No había viajado hasta Francia para eso, para regresar cuidando de un Robin Hood imprevisible que era casi tan salvaje como su lobo. Ya había sido difícil soportar todas sus fantasías románticas y sus escarceos con cualquier cosa que llevara faldas, pero ahora parecía más animado, y de un modo en que nunca lo había visto; podía percibir una nueva intensidad tras su sonrisa de sátiro. A Leigh aún le vibraban las manos por el impacto de la hoja de S.T. contra la espada.

Ese había sido un momento muy revelador porque, con la espada en la mano, se había sentido capacitada. Había sabido con toda claridad que no se echaría atrás a la hora de matar a Chilton y, durante ese breve instante, había tenido la forma de hacerlo. Había sujetado una espada afilada y preparada para matar.

Pero entonces él se la había arrebatado. Había momentos de humillación en la vida que tardaban mucho en olvidarse. Leigh se sentía triste y asustada. No por lo que pudiera pasarle a ella, sino por si cometía un error, por si sobrestimaba su capacidad para llevar a cabo el objetivo que se había fijado. La muerte no le importaba; lo que temía era fracasar en el intento.

Todo el tiempo que habían pasado recorriendo los caminos de Francia no había dejado de pensar que debía separarse del Seigneur. Estaba siempre demasiado pendiente de él, y odiaba verse envuelta en sus frívolos deslices amorosos. Lo que más detestaba de todo eran los momentos como aquel en la granja francesa, cuando había descubierto que sus suposiciones eran totalmente incorrectas. Eso le pasaba por meterse en cosas que no eran de su incumbencia.

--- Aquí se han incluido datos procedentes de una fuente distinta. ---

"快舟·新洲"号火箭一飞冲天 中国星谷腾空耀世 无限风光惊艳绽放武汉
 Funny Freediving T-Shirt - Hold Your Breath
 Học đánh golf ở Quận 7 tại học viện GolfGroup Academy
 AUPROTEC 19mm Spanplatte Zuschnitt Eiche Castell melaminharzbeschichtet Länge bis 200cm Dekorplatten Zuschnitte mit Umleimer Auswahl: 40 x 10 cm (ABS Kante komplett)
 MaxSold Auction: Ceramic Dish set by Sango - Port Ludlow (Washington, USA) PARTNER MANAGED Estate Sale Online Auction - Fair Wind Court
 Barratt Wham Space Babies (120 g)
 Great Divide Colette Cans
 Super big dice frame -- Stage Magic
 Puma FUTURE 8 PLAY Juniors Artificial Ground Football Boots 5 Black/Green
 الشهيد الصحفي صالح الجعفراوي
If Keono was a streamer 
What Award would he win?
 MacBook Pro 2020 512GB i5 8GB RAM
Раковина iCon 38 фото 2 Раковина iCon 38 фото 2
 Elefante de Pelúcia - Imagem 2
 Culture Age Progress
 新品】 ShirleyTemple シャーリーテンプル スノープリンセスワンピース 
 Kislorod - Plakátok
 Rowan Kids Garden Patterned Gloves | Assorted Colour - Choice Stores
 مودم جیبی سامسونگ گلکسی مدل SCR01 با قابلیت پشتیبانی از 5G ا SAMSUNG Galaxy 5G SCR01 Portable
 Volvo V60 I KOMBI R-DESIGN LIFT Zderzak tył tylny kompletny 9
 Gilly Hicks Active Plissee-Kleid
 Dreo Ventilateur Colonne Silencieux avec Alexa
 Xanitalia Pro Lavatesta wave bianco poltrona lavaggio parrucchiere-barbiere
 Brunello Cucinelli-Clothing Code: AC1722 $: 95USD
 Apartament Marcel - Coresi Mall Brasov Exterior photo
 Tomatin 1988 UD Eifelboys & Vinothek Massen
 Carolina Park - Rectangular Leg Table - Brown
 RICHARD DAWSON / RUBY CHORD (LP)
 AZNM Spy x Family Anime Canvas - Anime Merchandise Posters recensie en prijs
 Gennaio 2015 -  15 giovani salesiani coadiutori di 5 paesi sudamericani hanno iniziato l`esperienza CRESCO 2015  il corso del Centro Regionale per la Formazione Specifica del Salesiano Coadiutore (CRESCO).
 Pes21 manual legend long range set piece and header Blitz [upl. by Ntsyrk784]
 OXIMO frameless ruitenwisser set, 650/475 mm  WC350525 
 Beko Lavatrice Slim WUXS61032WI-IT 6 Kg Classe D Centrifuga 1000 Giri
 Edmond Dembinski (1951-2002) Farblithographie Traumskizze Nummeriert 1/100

Y luego estaba la forma en que él la miraba, como si todo su interior estuviese hirviendo a fuego lento. A veces Leigh dudaba de que estuviese en su sano juicio. Había creído en todo momento que S.T. abandonaría el viaje mucho tiempo antes. Entre los mareos y el riesgo de ser capturado a su regreso a Inglaterra, estaba convencida de que, al llegar al canal de la Mancha, se daría la vuelta. Pero no lo había hecho, y entonces llegó la azarosa travesía que complicó aún más las cosas…

Por eso lo esperó en la playa, porque le pareció que lo justo era tener ese pequeño detalle con él, ya que no lo creía capaz de proseguir después de eso. Sin embargo, lo único que había conseguido con ese momento de sentimentalismo era la situación en la que se encontraba en esos momentos. Malhumorada, contempló la espalda de S.T. La enfurecía la forma que tenía de arrastrarla a cosas que no quería hacer, de conseguir que se ofreciera a intentar curarle los mareos, o a hervirle raíces de helecho, o a darle su opinión acerca de si un gitano senil estaba en condiciones de hacerse cargo de una yegua ciega que había aprendido un pequeño repertorio de estúpidos trucos. Al pensar en la yegua volvió a su mente la imagen de S.T. con la espada, y él terminó de empeorarlo cuando se detuvo por enésima vez para desliar pacientemente la cuerda de Nemo de un árbol mientras el lobo daba saltos y le lamía la cara.